**Your assignment:**
When you reach the line with "Bertozzi Handmade Porcelain", start repeating the lines exactly and keep going to the end of the records, but drop every picture.

**Image-text web data:**
-.-.-

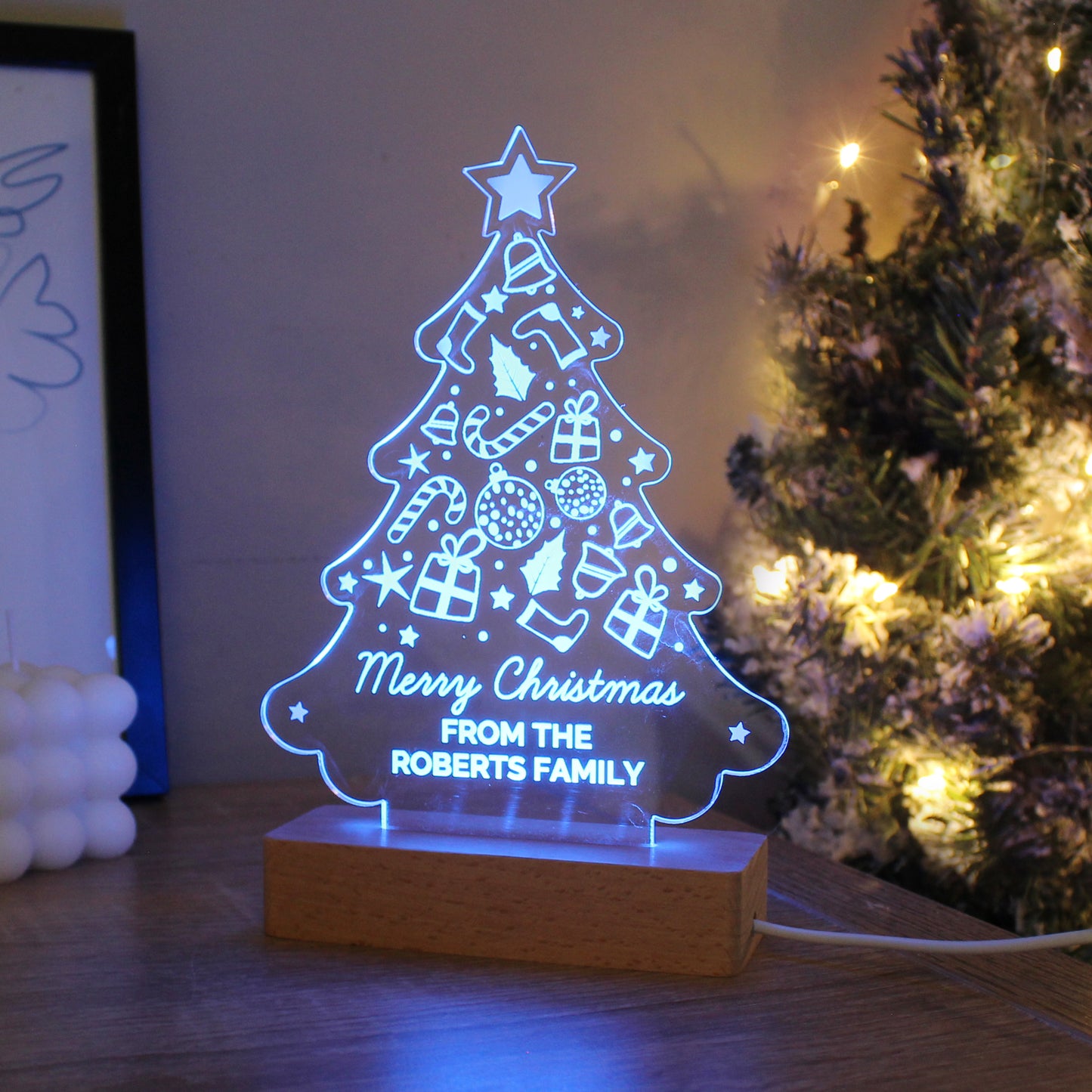 Personalised Christmas Tree Wooden Based LED Light - image 9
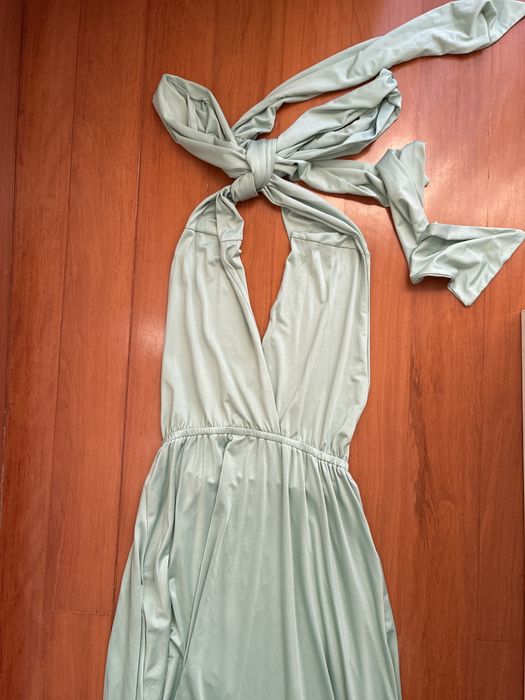 Vestido comprido verde agua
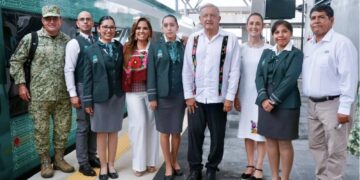 Tren Maya, “una hazaña histórica”; Claudia Sheinbaum en gira con AMLO por el sureste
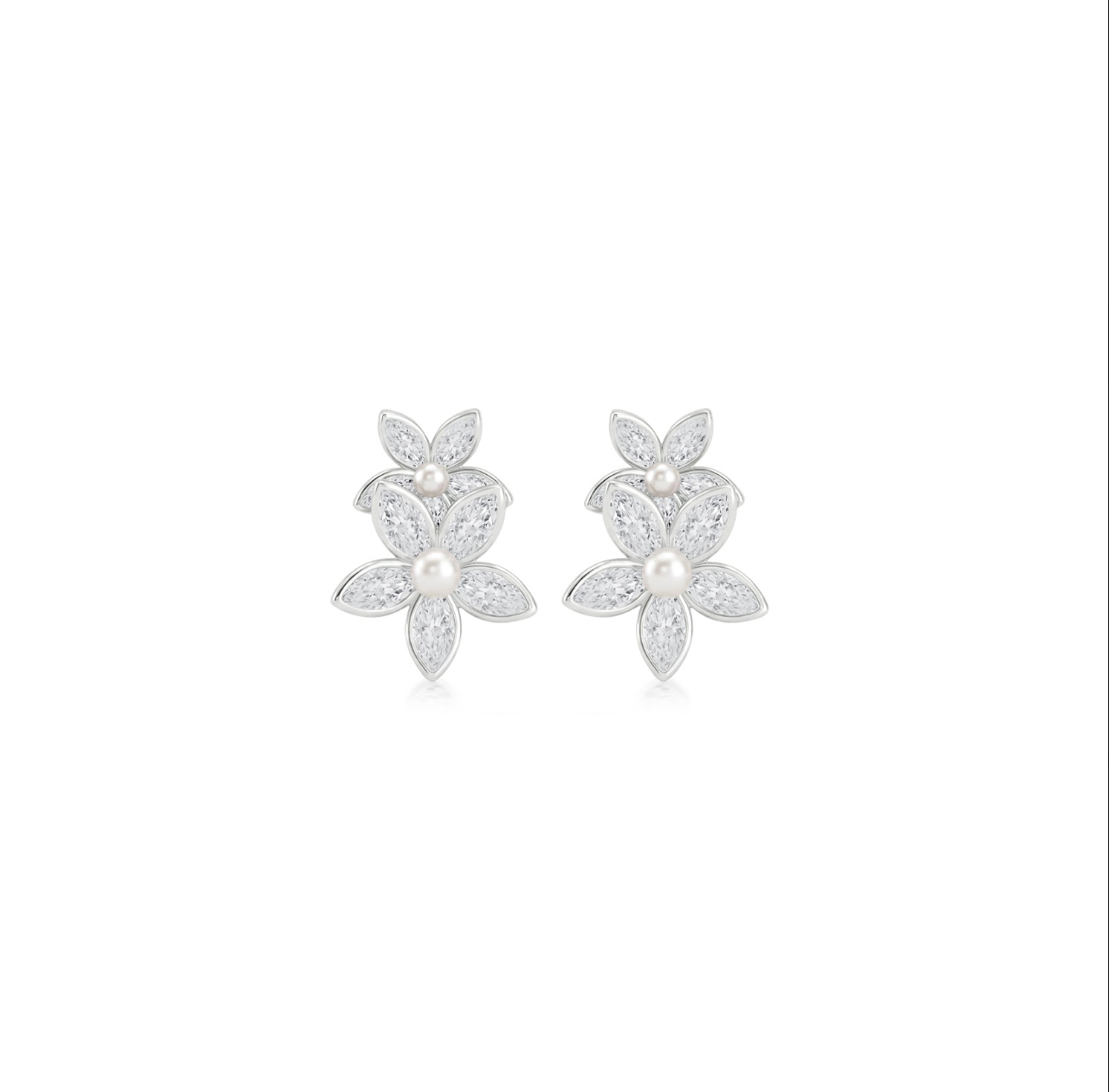 Double Bloom Pearl Earrings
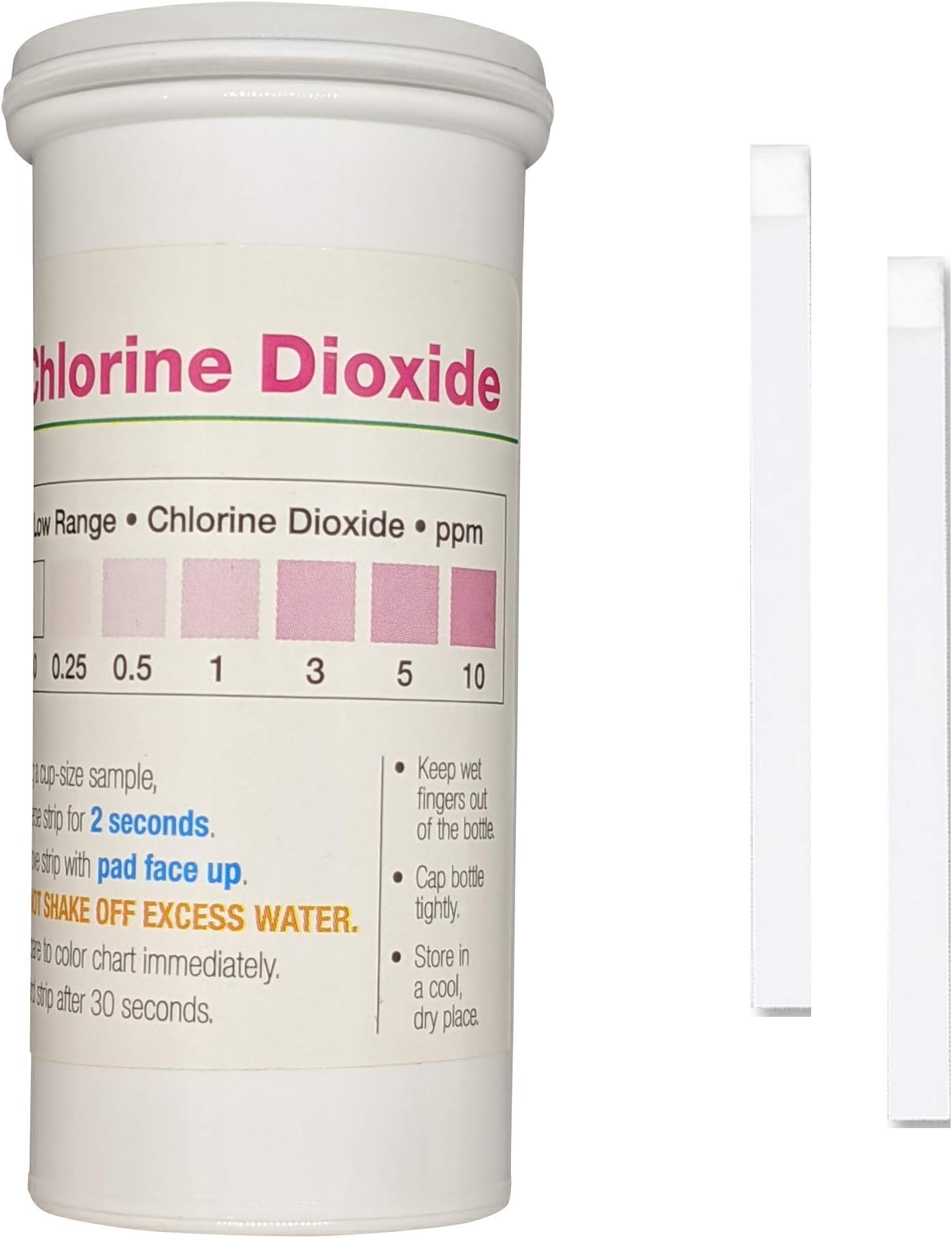 Chlorine Dioxide Single Factor Test Strips, 0-10 ppm [Vial of 50 Strips]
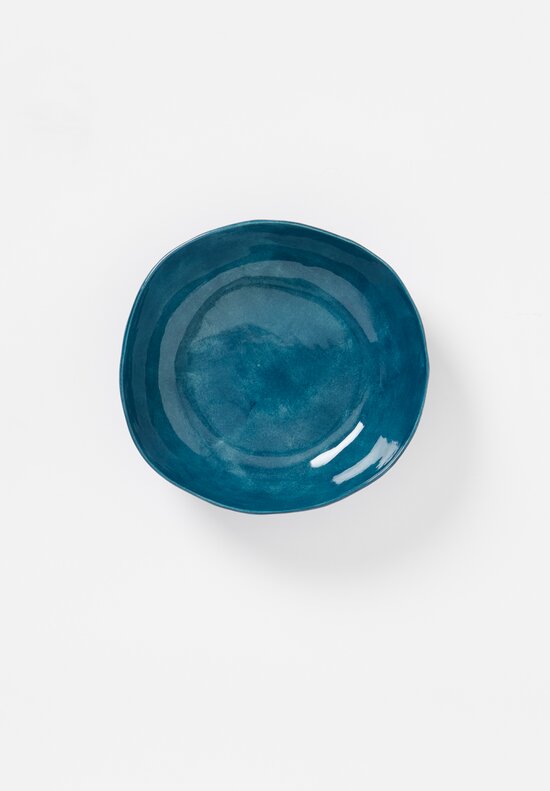 Bertozzi Handmade Porcelain Small Serving Bowl in Dark Azzuro Blue	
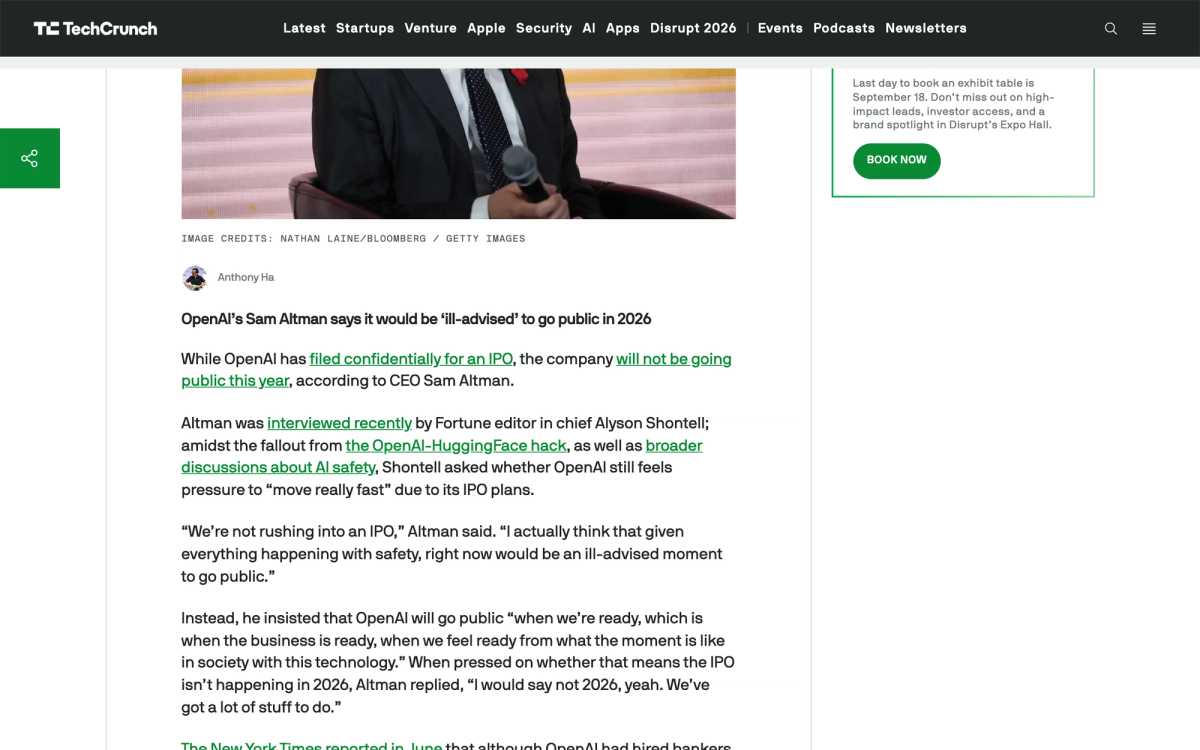 TechCrunch article by Anthony Ha carrying Altman's full quotes about not rushing into an IPO and the ill-advised moment to go public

-.-.-

**The completed task:**
 Bertozzi Handmade Porcelain Small Serving Bowl in Dark Azzuro Blue	
 TechCrunch article by Anthony Ha carrying Altman's full quotes about not rushing into an IPO and the ill-advised moment to go public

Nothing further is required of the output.